Breves
PARIS
Delegação do PCP recebida pelo embaixador de Portugal

Uma delegação do PCP, constituída por Adrien Pontalier, José Roussado e Raul Lopes, membros do Organismo de Direção Nacional (ODN) do PCP em França, esteve recentemente reunida com o novo embaixador de Portugal em França, Jorge Torres Pereira. Entre as preocupações manifestadas pelos comunistas conta-se o elevado número de emigrantes em situação de pobreza (30 por cento em 2016, segundo a Santa Casa da Misericórdia de Paris) e os chamados «trabalhadores destacados», a maior parte dos quais na construção civil, que são alvo de discriminação salarial e desrespeito pelos direitos laborais.

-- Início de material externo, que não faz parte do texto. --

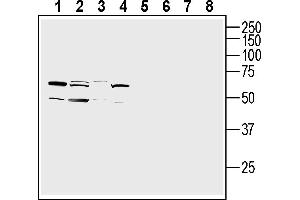 Western blot analysis of Malme-3 skin fibroblast cell line lysates (lanes 1 and 5), human  monocytic leukemia cell line lysate (lanes 2 and 6), human Jurkat T-cell leukemia cell line lysate (lanes 3 and 7) and human  retinal pigmental epithelia cell line lysate (lanes 4 and 8):1-4. (OPN3 抗体  (Extracellular))
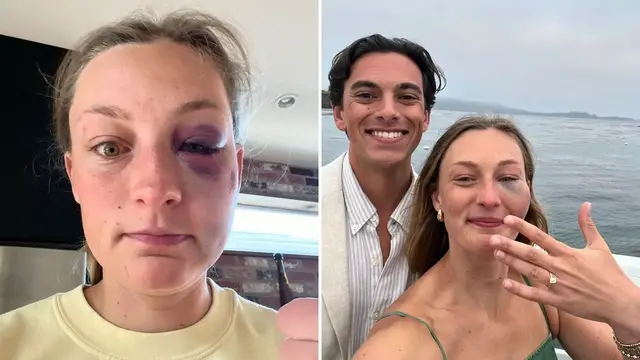Video thumbnail for Girlfriend Rocks Huge Black Eye For Proposal 'Like A Champ' After Getting Hit By Golf Ball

Suscitada foi, ainda, a questão do Ensino do Português no Estrangeiro (EPE) e a sua importância junto da comunidade portuguesa, tendo os membros do PCP reiterado a necessidade de aprendizagem do português enquanto língua materna e a defesa da abolição da propina. Valorizando a acção da responsável da Coordenação do Ensino do Português em França, Adelaide Cristóvão, o PCP denunciou o imobilismo das academias e estabelecimentos escolares franceses na divulgação e oferta de cursos de língua portuguesa, estendendo a crítica ao Instituto Camões. Os obstáculos colocados ao recenseamento eleitoral de emigrantes e o baixo nível da participação dos portugueses residentes no estrangeiro nas eleições portuguesas foram assuntos igualmente debatidos no encontro.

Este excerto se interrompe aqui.